Mae West was an American actress, playwright, and screenwriter famed for her provocative and outspoken manner. Her career spanned seven decades, during which she performed in vaudeville, on Broadway, in Hollywood films, in Las Vegas, and on Rock and Roll albums. Mae West was famous for her double entendres and sometimes inserted her own extemporized lines into a script.
Mae West was born Mary Jane West on 17 August 1893 in Brooklyn, New York, the daughter of a prize fighter and a corset model. Her father, John Patrick West, would later become a police officer and a private detective. Mae West had two younger siblings.
Mae West began performing on the vaudeville stage at the age of twelve, when she was billed as The Baby Vamp. She soon began writing for the stage under the pseudonym Jane Mast, making her Broadway debut in 1926 as the star of her own play, Sex. Though the play was popular, it was shut down after about a year and Mae West was arrested on obscenity charges. Her ten-day prison sentence, during which the warden purportedly treated her to dinner every night before letting her off two days early for good behavior, turned out to be good publicity.

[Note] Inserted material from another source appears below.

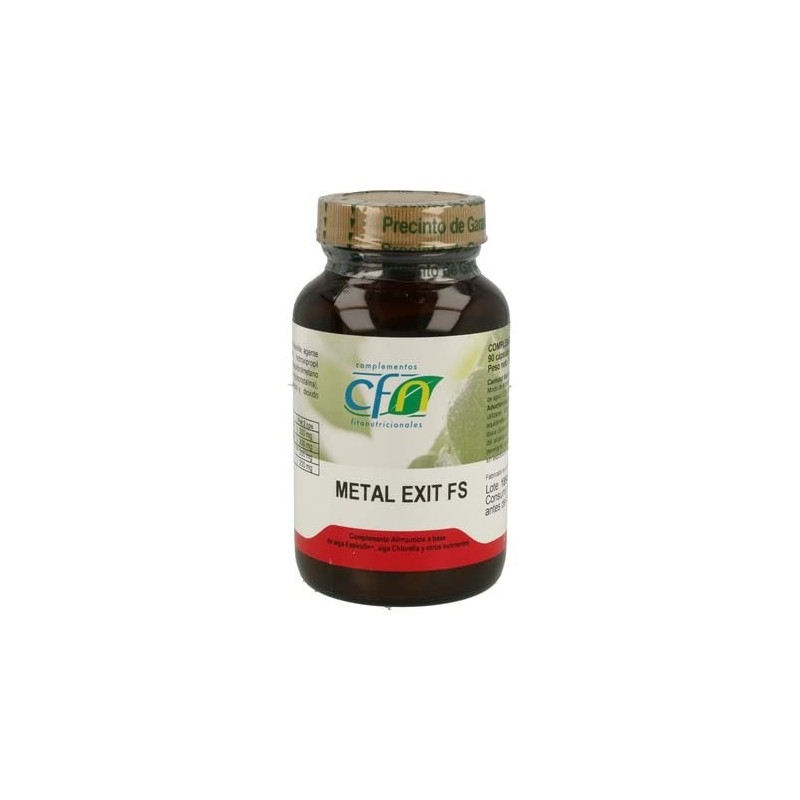 Cfn Metal Exit Fs 90 Capsules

Mae West's next play, The Drag (1927), dealt with the theme of homosexuality and advocated gay rights at a time when such subjects were taboo. Mae West had continued success as a playwright and actress throughout the 1920s. In 1932, she moved to Hollywood on a contract with Paramount.

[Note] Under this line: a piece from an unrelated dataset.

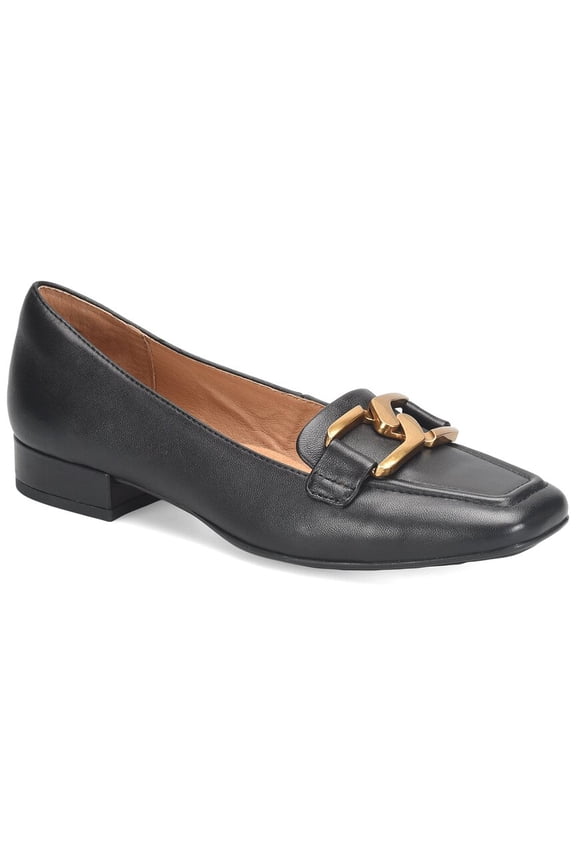 Erica Leather Flat, 7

Mae West's first film role, in Night After Night, was small, but she was allowed to rewrite her lines, bringing her trademark witty double entendres to a wider audience. Her next film, She Done Him Wrong (1933), was a screen adaptation of her successful stage play Diamond Lil and co-starred Cary Grant. Though she saw considerable success as an actress and screenwriter throughout the 1930s, Mae West had to battle the censors constantly.

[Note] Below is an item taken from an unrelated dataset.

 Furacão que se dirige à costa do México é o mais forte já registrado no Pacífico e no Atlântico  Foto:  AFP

Mae West took a hiatus from the world of film after her last Paramount picture, in 1943, but she continued to perform on stage, both on Broadway and in Las Vegas. She published an autobiography, Goodness Had Nothing To Do With It, in 1959. In the 1960s, she made a few appearances on television and recorded two Rock and Roll albums.
Mae West returned to film in 1970 in Gore Vidal's Myra Breckinridge, about a transsexual. Her final film, Sextette (1979), was her own script. Though both films were box office failures, they have since gained a cult following.
Mae West died in Hollywood, California on 22 November 1980 after suffering from two strokes. Many of her double entendres have become part of the cultural lexicon, and Mae West is often referenced as the quintessential example of the outspoken, sexually independent woman. She was one of the first women in Hollywood to pull off funny and sexy in equal measures and has inspired many imitators.